1. Place value blocks or other counters, such as coffee stir sticks.
2. Arrow Cards
3. Find the digit on the 100’s chart

Misconception: Students represent numbers after 100 as they sound.

Example: Students think that the number after 100 is 1001, then 1002, 1003, etc.

What to do about it: Use a chart that goes beyond 100, have children fill in the next numbers after 100.

Misconception: The student orders numbers based on the value of the digits, instead of place value.

Example: 67>103 because 6 and 7 are bigger than 1 and 2.

What to do about it: Have students represent numbers using base 10 blocks and then write out expressions using > and < when comparing.

What to do about it: Have students show numbers on a number line to see which numbers are further from zero to the right.

Misconception: The student struggles with the teen numbers, as they are different from the pattern in other decades.

Example: Students may say “eleventeen” or may not understand that 16 is ten and six.

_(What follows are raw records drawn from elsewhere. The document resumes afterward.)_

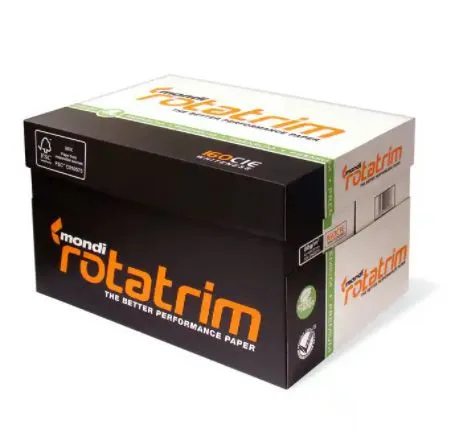 Grade AA Quality 500Sheets/ream Copy A4 Paper 80Gsm photo-2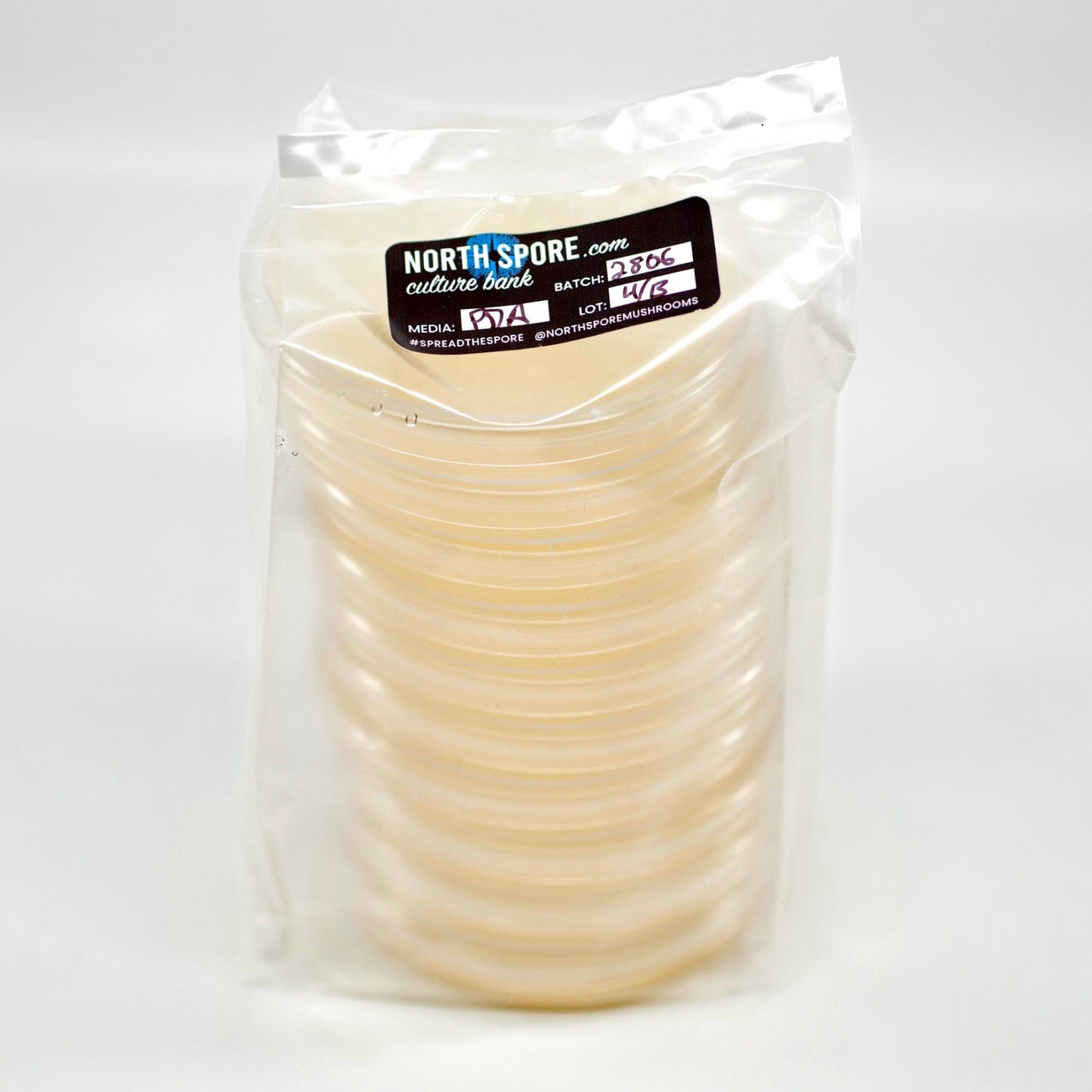 Pre-Poured Sterile Agar Plates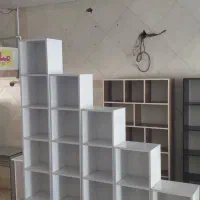 کتابخانه پله ای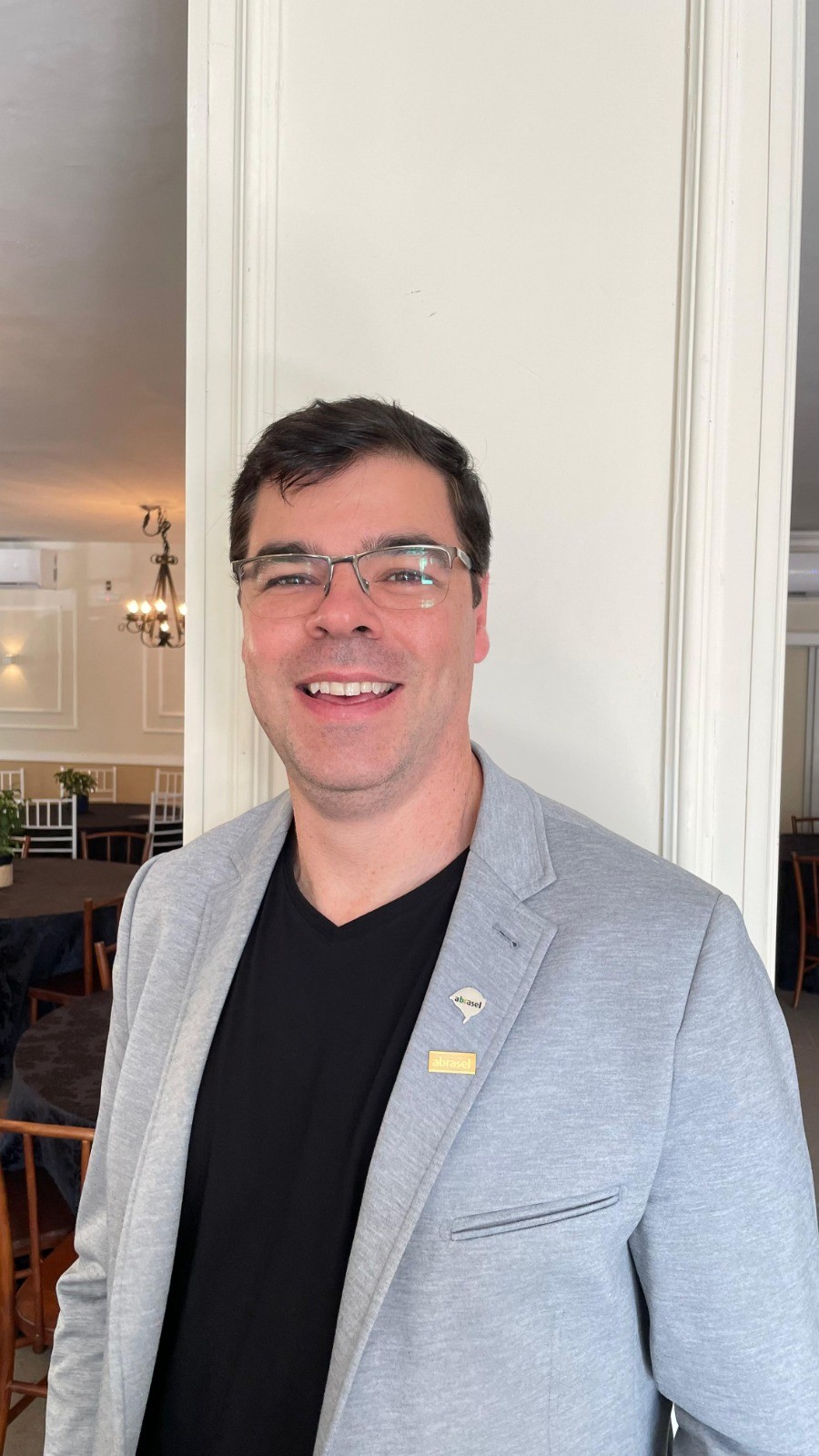 Abrasel no RS – Leonardo Dorneles – Presidente Seccional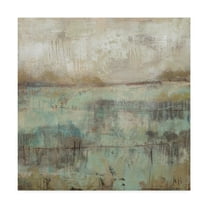 Trademark Fine Art 'Pastels and Rust II' Canvas Art by Jennifer Goldberger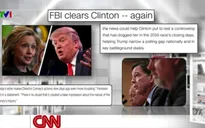 FBI không truy tố bà Hillary có làm thay đổi cục diện cuộc đua vào Nhà Trắng?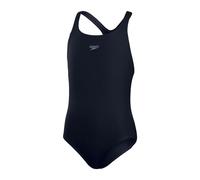 Speedo Bambina Costume da Bagno Eco Endurance+ Medalist | Resistenza al Cloro | Tessuto Riciclato | vestibilità Comoda | Lezioni di Nuoto | Nuoto e Vacanze True Navy 11-12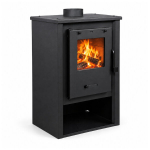Malkinė krosnelė THUNDER VULCAN, 7,1 kW, plieninė, su ketaus grotelėmis
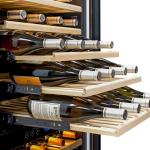 Newair 160-bottle Dual Zone Wine Fridge
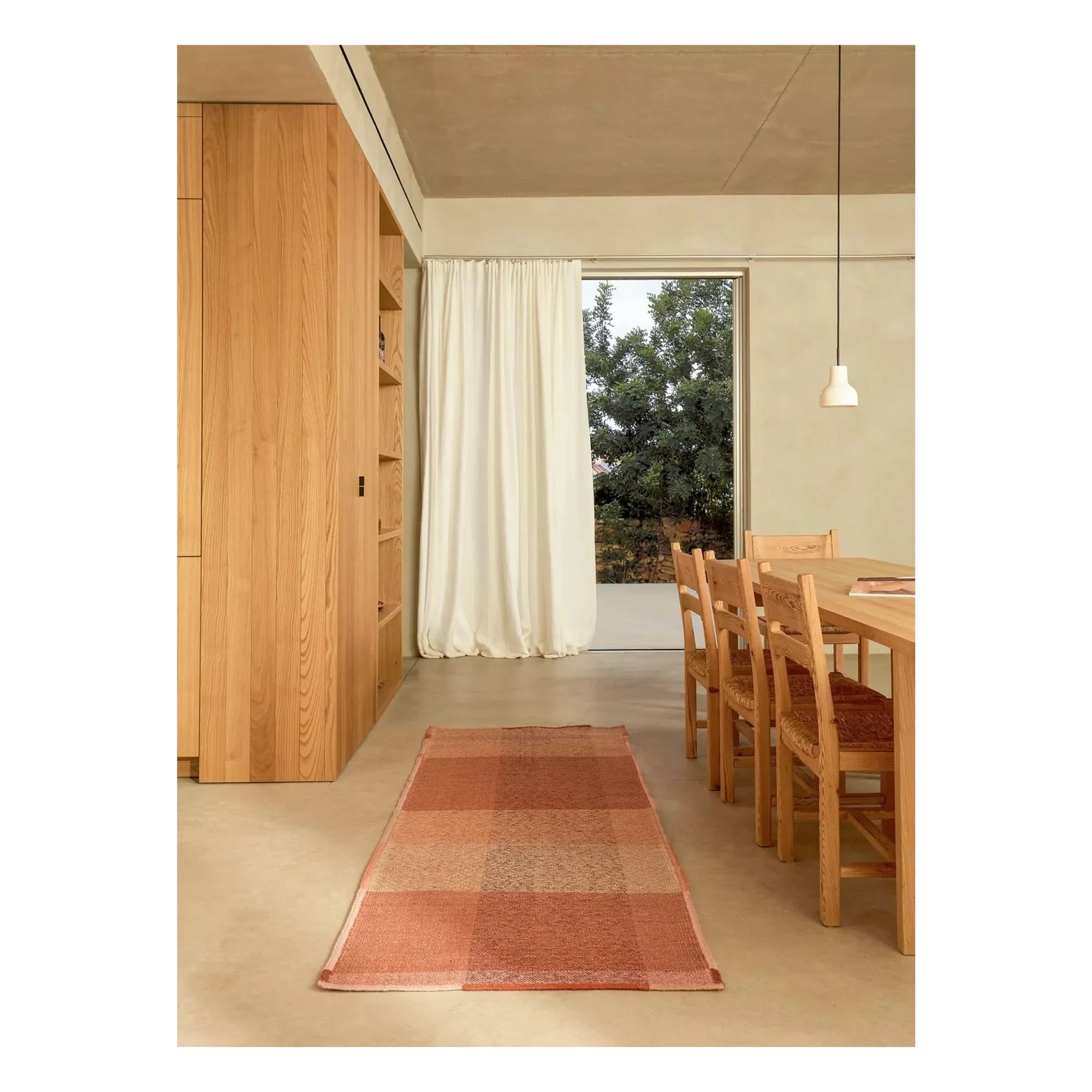Nanimarquina - Nuance rug, Studio Stefan Scholten | Coral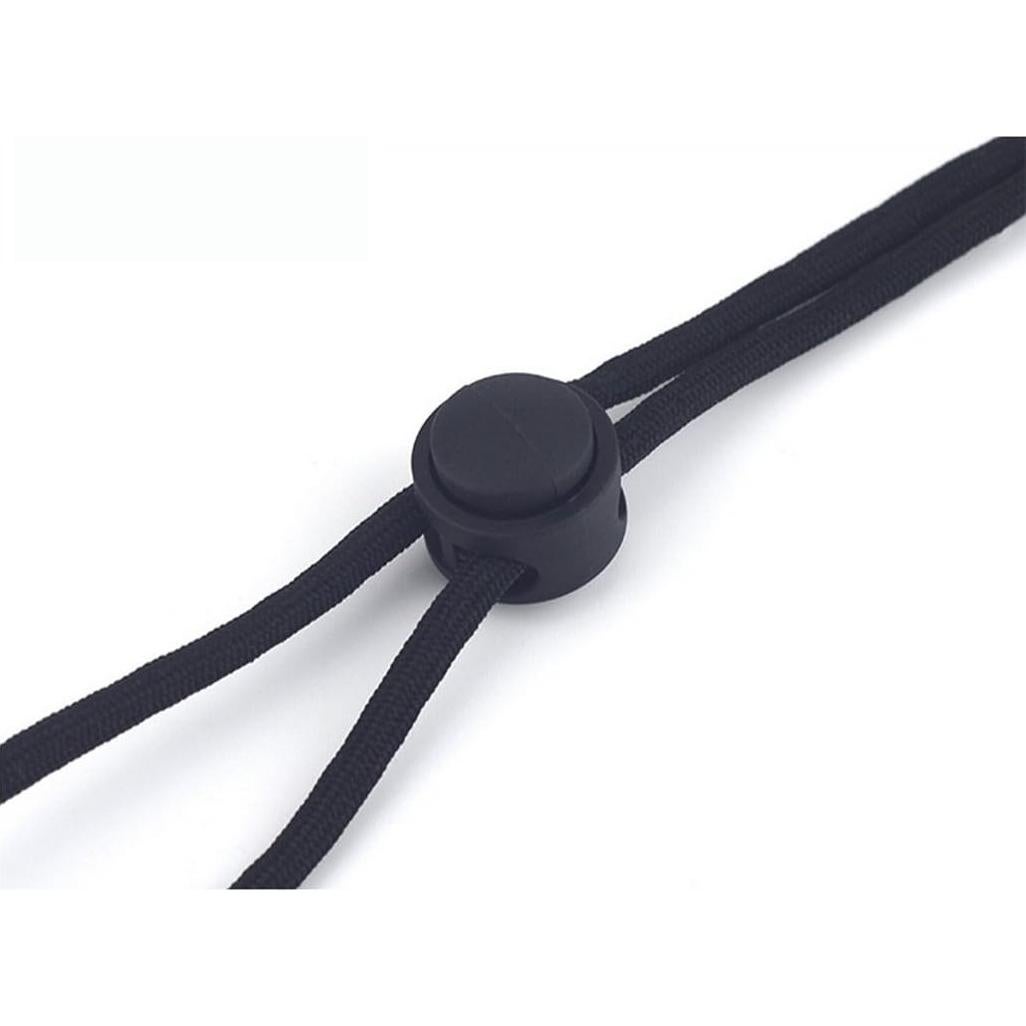 Cintas de Nylon Ajustables YOUOWO 5 Paquete Negro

They may also think that sixteen is 61 because we say the number six first.

What to do about it: Christina, The Recovering Traditionalist, has curated a number of games and ideas for addressing how to teach the teens.

## Having Fun with Math

Mathematics should be playful, and there are a number of games that can build fluency in mathematics.

### Combo-10

This game allows students to see how numbers fit together to make 10 using domino-like game pieces. It is for groups of 2 – 4 players.

Try This – Play with at least two people or groups. Each group needs 1 set of dominoes. Lay them face down. Each person/group draws 7. The rest are the draw pile.

• The player with the highest double (or most dots if there are no doubles drawn) plays first. A piece can be played if the number of dots on one side of the domino adds to 10 with a domino on the table. Doubles can be laid sideways, allowing more arms to grow.
• A wild card is a domino whose dots add to 10. If you play a wild card, you can play twice.

### Snap

Try This – One player has a stack of 10 cubes behind their back. ‘Snap off’ part of the stack and show the part that is remaining to your partner.

The partner tries to guess how many were snapped off and hidden from view. The unknown part is revealed.

Variations:

• Using more or fewer blocks in the stack.
• Breaking the 10 cubes apart and hiding some of them underneath an opaque glass or container.

## Race to 100

The goal of this game is to get to 100 first without going over.

Try This – Play the Game

Each player starts at 1. The first player uses a spinner or dice to generate a number. They can move up the 100s chart by their number of tens or ones until one player gets to 100 without going first.

Variations:

• Each player gets 6 turns. The closest to 100 without going over wins.
• Continue playing until a player lands exactly on 100. If the roll takes them over 100, they lose that turn.

### Math Swat

Flyswatter math combines the fun of moving and slapping with the chance to learn number recognition and solving math problems.

Creating the game board: The game board can be as small or as large as you would like and include the number range and type of numbers that you are working with in your classroom.

Try This – Play a Game with two lines of players. Each line has their own swatter.

• Counting: swat the numbers in order – in either direction.
• Number recognition: say the number and have learners swat the correct symbol.
• Counting and 1:1 correspondence: give a number of counters, blocks, etc – they count and then swat the number.
• Addition or subtraction facts: give the fact, swat the correct sum.
• Addition facts: give the sum and one addend, swat the missing part.
• Skip counting: swat the numbers as they count by 2s, 5s, etc.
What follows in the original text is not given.